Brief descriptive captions
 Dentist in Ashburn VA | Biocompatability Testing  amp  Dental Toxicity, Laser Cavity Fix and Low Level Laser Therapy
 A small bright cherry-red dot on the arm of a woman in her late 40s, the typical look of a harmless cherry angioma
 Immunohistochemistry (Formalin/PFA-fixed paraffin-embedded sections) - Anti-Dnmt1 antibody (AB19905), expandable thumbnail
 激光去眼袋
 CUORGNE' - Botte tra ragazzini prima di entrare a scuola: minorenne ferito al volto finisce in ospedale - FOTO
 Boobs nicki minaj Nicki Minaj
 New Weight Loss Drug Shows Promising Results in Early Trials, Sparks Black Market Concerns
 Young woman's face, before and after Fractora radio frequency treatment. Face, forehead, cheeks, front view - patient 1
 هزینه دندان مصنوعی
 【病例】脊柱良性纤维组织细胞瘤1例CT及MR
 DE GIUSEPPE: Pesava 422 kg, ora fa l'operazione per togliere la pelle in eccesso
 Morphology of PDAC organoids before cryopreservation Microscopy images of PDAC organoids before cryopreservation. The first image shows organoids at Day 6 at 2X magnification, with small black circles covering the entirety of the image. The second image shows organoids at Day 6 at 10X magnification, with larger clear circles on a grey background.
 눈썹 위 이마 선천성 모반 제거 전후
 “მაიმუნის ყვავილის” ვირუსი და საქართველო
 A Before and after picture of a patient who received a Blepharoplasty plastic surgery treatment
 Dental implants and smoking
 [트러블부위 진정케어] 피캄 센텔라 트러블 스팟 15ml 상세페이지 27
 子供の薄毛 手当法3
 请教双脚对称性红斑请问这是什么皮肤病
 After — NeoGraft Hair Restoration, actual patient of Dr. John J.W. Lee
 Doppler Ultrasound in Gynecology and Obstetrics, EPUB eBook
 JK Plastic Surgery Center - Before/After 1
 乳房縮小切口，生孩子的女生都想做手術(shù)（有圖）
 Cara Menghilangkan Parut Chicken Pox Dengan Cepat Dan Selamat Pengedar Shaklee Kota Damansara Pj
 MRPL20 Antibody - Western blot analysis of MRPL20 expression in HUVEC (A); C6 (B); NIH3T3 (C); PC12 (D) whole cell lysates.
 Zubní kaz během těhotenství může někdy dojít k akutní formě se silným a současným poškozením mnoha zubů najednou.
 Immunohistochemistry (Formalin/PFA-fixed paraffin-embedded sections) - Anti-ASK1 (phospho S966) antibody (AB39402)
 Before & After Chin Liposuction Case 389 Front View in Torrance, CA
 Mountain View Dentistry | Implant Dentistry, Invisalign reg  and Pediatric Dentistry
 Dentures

# Work required
Every line from the line containing "CUORGNE' - Botte" through the line containing "DE GIUSEPPE: Pesava" in the records above must be retyped exactly. Leave out the rest.

# Response to the task
 CUORGNE' - Botte tra ragazzini prima di entrare a scuola: minorenne ferito al volto finisce in ospedale - FOTO
 Boobs nicki minaj Nicki Minaj
 New Weight Loss Drug Shows Promising Results in Early Trials, Sparks Black Market Concerns
 Young woman's face, before and after Fractora radio frequency treatment. Face, forehead, cheeks, front view - patient 1
 هزینه دندان مصنوعی
 【病例】脊柱良性纤维组织细胞瘤1例CT及MR
 DE GIUSEPPE: Pesava 422 kg, ora fa l'operazione per togliere la pelle in eccesso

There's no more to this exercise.